Bryan O'Sullivan wrote:
> Here's something I just stumbled upon by accident: at least on Linux,
> GHC emits huge numbers of symbols into the binaries it generates.
> Here's Haddock, which I compiled without any funny debug options:
> 
> $ du -h haddock-0.9
> 4.1M   haddock-0.9
> $ nm haddock-0.9 | wc -l
> 37938
> $ strip haddock-0.9
> $ du -h haddock-0.9
> 2.7M haddock-0.9
> 
> I happened upon this because I'm repackaging GHC 6.8.3 for Fedora, and
> rpmlint complained that haddock was not stripped. The RPM packager
> automatically strips binaries using "strip -g", but that wasn't
> stripping any of the abovementioned symbols.
> 
> I don't know what the purpose of those symbols might be. Could someone
> fill me in, please? Can they actually be used for anything?

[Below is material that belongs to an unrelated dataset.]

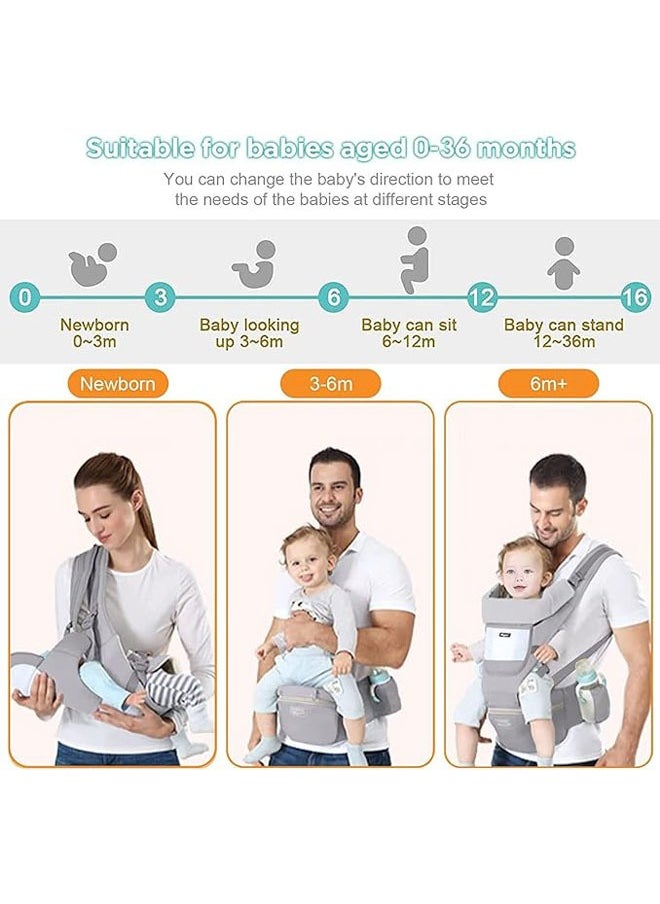 Generic - Baby Carrier with Hip Seat, Multi-Functional 9 in 1 Baby Backpack Carrier, Convenient, Breathable, Easy-to-use Baby Carrier With Storage Function, Suitable For 0-36 Months Baby, Toddler - Image 1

We didn't put them there on purpose, if that's what you're asking :)  These 
are just the symbols that get left in by the linker by default.  gdb and 
things like valgrind can use them, but they're not a lot of use in general.

There tend to be a lot of local symbols left around too, which are of even 
less use.  At one time I used to strip these out when making libraries, but 
it was tricky and non-portable, so I think we stopped doing it.